Gioachino Antonio Rossini

(29 February 1792 - 13 November 1868) was an Italian composer who gained fame for his 39 operas, although he also wrote many songs, some chamber music and piano pieces, and some sacred music. He set new standards for both comic and serious era before retiring from large-scale composition while still in his thirties, at the height of his popularity.

Happy Birthday .


----------



## Captainnumber36 (Jan 19, 2017)

Rogerx said:


> Same day as :
> 
> Gioachino Antonio Rossini
> 
> ...


Interesting, thanks for sharing. I'll have to give him a listen today.


----------



## Captainnumber36 (Jan 19, 2017)

I'm going to lunch at this local restaurant. I let my friend pick since he has great taste! https://wildflowermason.com. Tomorrow I'm going out for ribs with family.


----------



## Xisten267 (Sep 2, 2018)

Try something new but great today! Suggestions (see if you already know these):

*Vivaldi - Double Concertos:*





*Berlioz - Te Deum, Op. 22*:





*Chausson - Concert for Violin, Piano and String Quartet Op. 21:*





*Khachaturian - Violin Concerto:*





*Arvo Pärt - Tabula Rasa:*





By the way, happy birthday!


----------



## Captainnumber36 (Jan 19, 2017)

Allerius said:


> Try something new but great today! Suggestions (see if you already know these):
> 
> *Vivaldi - Double Concertos:*
> 
> ...


Right now I'm focused on getting to know Beethoven, Chopin and Debussy a bit more personally.

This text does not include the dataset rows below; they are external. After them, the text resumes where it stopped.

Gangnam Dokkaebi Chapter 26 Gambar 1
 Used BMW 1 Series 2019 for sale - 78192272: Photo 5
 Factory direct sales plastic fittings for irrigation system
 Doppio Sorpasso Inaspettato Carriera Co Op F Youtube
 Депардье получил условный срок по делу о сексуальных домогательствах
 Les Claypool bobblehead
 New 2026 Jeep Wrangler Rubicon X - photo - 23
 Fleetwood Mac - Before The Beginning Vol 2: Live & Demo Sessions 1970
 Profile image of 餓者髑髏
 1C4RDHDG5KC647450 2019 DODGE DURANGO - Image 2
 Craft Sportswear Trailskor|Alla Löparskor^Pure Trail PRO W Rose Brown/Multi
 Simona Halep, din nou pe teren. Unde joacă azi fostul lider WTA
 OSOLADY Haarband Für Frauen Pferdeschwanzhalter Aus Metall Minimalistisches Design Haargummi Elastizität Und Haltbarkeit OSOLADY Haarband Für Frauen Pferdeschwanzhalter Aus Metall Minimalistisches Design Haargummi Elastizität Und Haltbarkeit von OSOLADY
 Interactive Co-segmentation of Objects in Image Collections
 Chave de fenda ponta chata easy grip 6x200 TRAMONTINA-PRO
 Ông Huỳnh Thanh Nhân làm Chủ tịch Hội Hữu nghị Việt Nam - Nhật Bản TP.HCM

I'll venture out a bit more later.


----------



## Captainnumber36 (Jan 19, 2017)

Vasks said:


>


That was brilliant.


----------



## Fabulin (Jun 10, 2019)

From me Happy Birthsday Variations that Seiji Ozawa received from his friend John Williams.
Conducted by Mstislav Rostropovich





May Ozawa's happiness be contagious, Captainnumber36.


----------



## hammeredklavier (Feb 18, 2018)

Captainnumber36 said:


> So I'm celebrating with the Eroica.


You mean:


----------



## jegreenwood (Dec 25, 2015)

There's always "The Pirates of Penzance," whose plot turns on the February 29 birthday of one of the characters.


----------